▶ About this task: Your copy should hold only the lines from the one holding "Zündschloss Für EN500" through the last line of the records below, both included, each exact and with no pictures.

▶ Data provided:
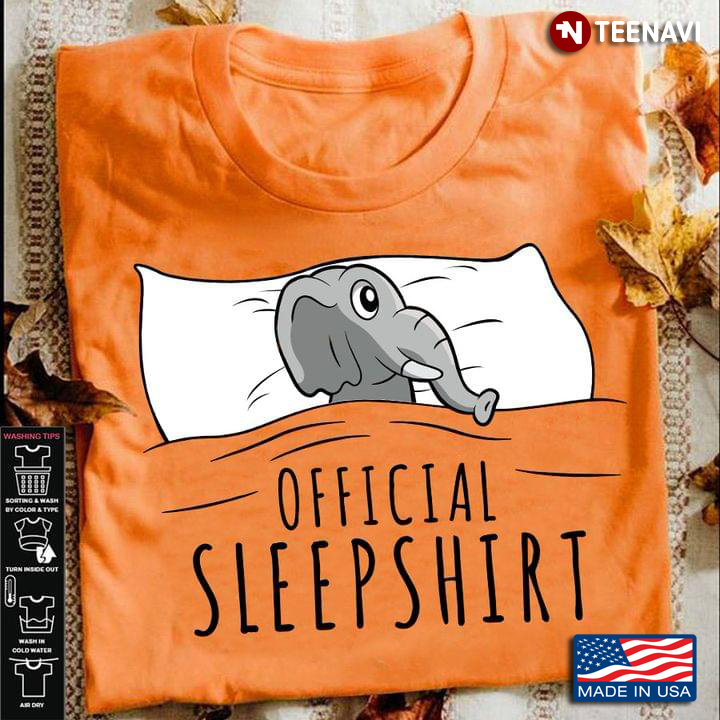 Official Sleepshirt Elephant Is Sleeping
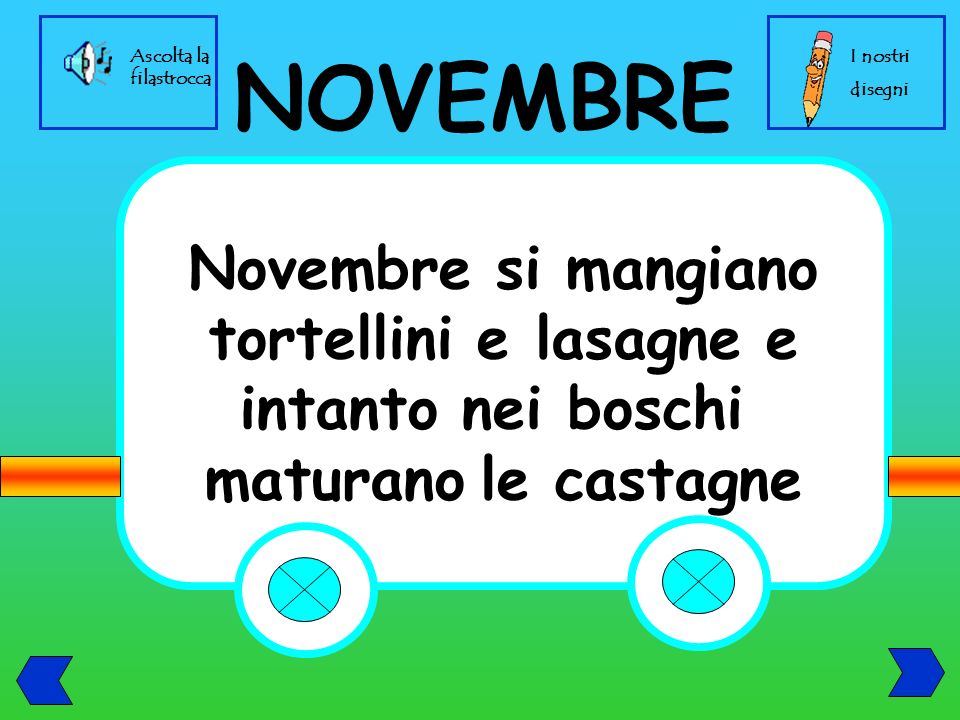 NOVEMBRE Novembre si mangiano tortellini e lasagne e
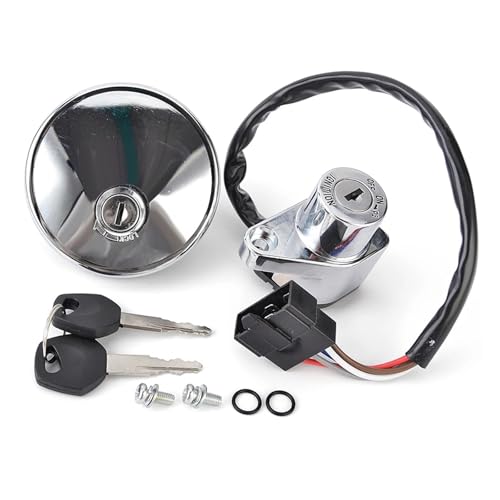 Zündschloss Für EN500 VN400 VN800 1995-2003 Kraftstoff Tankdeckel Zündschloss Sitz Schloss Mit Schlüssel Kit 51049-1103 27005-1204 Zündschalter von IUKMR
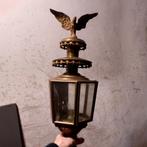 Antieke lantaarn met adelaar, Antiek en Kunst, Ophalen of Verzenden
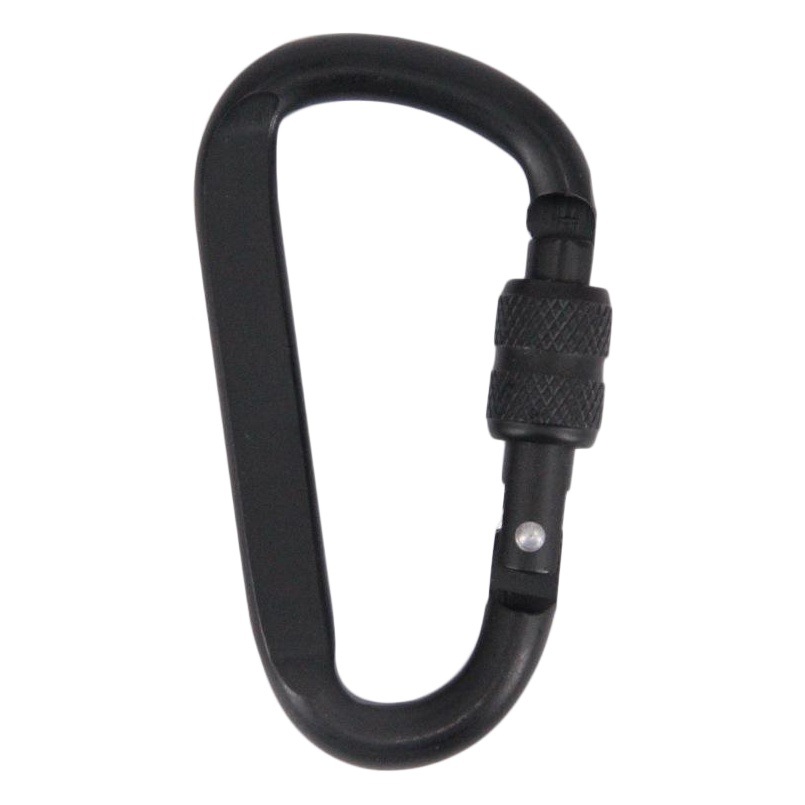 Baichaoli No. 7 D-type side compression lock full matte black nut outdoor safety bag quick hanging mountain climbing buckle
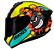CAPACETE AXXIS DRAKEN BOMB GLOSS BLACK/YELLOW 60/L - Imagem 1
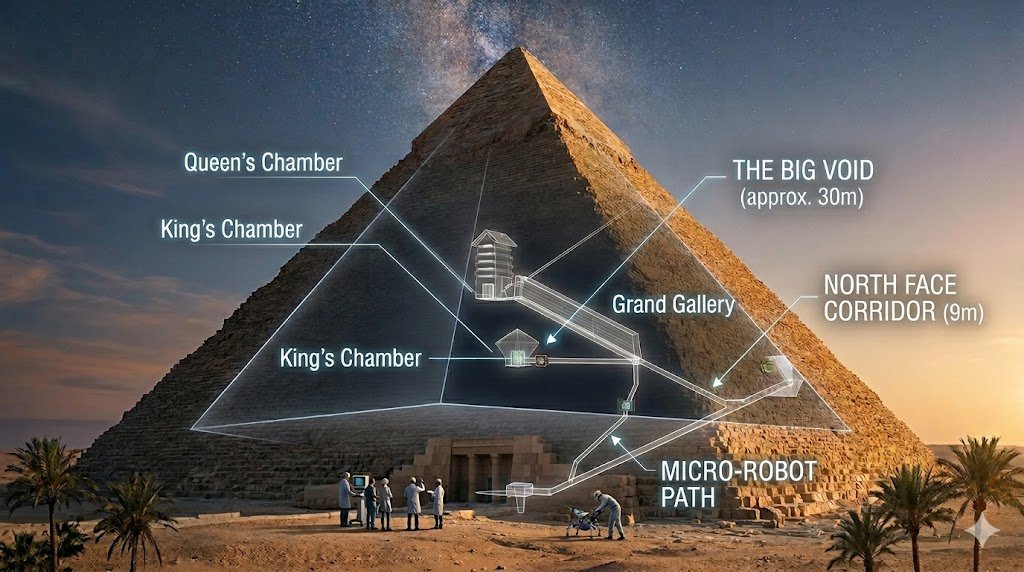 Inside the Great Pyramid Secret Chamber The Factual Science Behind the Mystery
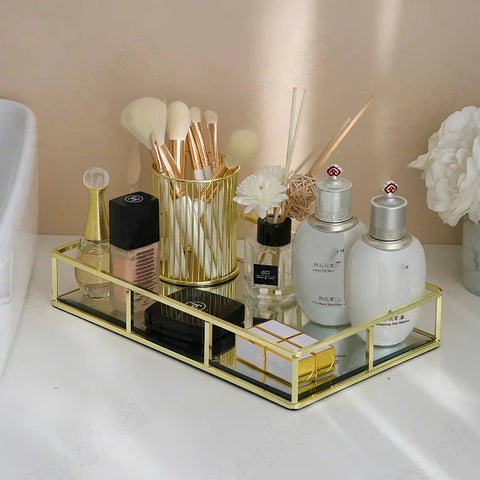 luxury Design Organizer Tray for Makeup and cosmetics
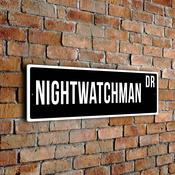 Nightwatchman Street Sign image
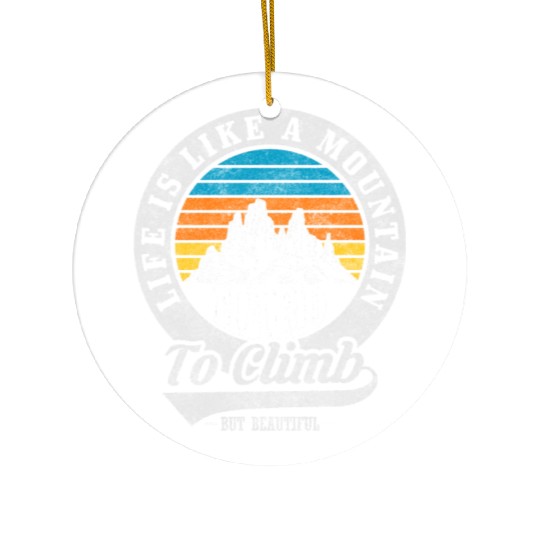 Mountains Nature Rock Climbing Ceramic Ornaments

▶ Completed task:
 Zündschloss Für EN500 VN400 VN800 1995-2003 Kraftstoff Tankdeckel Zündschloss Sitz Schloss Mit Schlüssel Kit 51049-1103 27005-1204 Zündschalter von IUKMR
 Antieke lantaarn met adelaar, Antiek en Kunst, Ophalen of Verzenden
 Baichaoli No. 7 D-type side compression lock full matte black nut outdoor safety bag quick hanging mountain climbing buckle
CAPACETE AXXIS DRAKEN BOMB GLOSS BLACK/YELLOW 60/L - Imagem 1
 Inside the Great Pyramid Secret Chamber The Factual Science Behind the Mystery
 luxury Design Organizer Tray for Makeup and cosmetics
 Nightwatchman Street Sign image
 Mountains Nature Rock Climbing Ceramic Ornaments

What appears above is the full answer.